NEW YORK – New York Attorney General Eliot Spitzer (search) has subpoenaed Moody's Corp. (MCO), which runs one of the largest credit rating agencies, for information on how it derived ratings for reinsurance companies and mortgage securities, broadening his probe of Wall Street practices.
New York-based Moody's on Friday also said second-quarter profit jumped 40 percent on strong demand for ratings. It said full-year profit and revenue may rise roughly twice as fast as it had previously forecast.
Moody's shares fell as much as 2.9 percent.
In its quarterly report filed with securities regulators, Moody's said it received a subpoena on July 13 for documents regarding its financial strength and subordinated debt ratings for reinsurers since Jan. 1, 1997.

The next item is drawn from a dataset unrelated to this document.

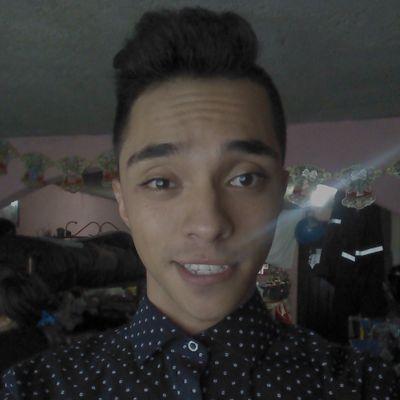 La gente enseña para ocultar su ignorancia, lo mismo que sonríe para ocultar sus lágrimas.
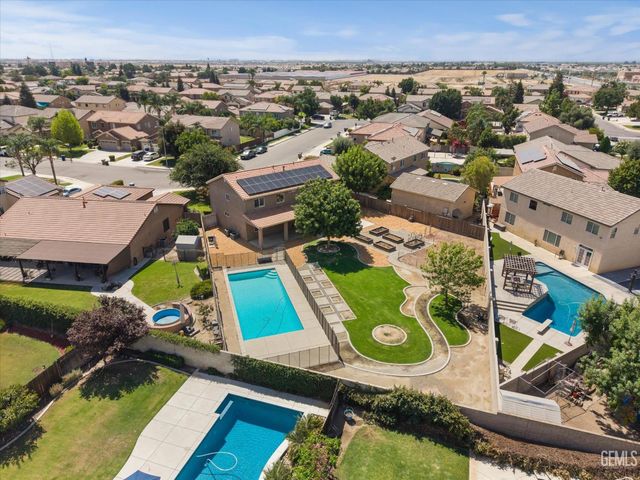 5803 Penn Station Lane, Bakersfield, CA 93311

Many federal and state regulators are conducting wide-ranging probes into insurance industry practices.
Moody's also received a subpoena on May 11 for documents related to its credit policies since 1999, securities offerings backed by jumbo mortgages from prime borrowers, and credit enhancement documents. The inquiry into the offerings and products covers June 30, 2000, to June 30, 2003.
Moody's said it was responding and intends to continue cooperating with Spitzer's office. Spokeswoman Fran Laserson declined to elaborate but said, "We think the timing of the disclosure is appropriate."
A spokesman for Spitzer had no immediate comment.
Ratings help determine how much issuers pay to borrow money in the capital markets.
Moody's Investors Service (search) rates credit-worthiness on a 21-notch scale from "Aaa" to "C."
It is one of five nationally recognized credit rating agencies. The others are McGraw-Hill Cos.' Standard & Poor's (search), Fimalac SA's Fitch Ratings (search), A.M. Best Co. and Canada's Dominion Bond Rating Service.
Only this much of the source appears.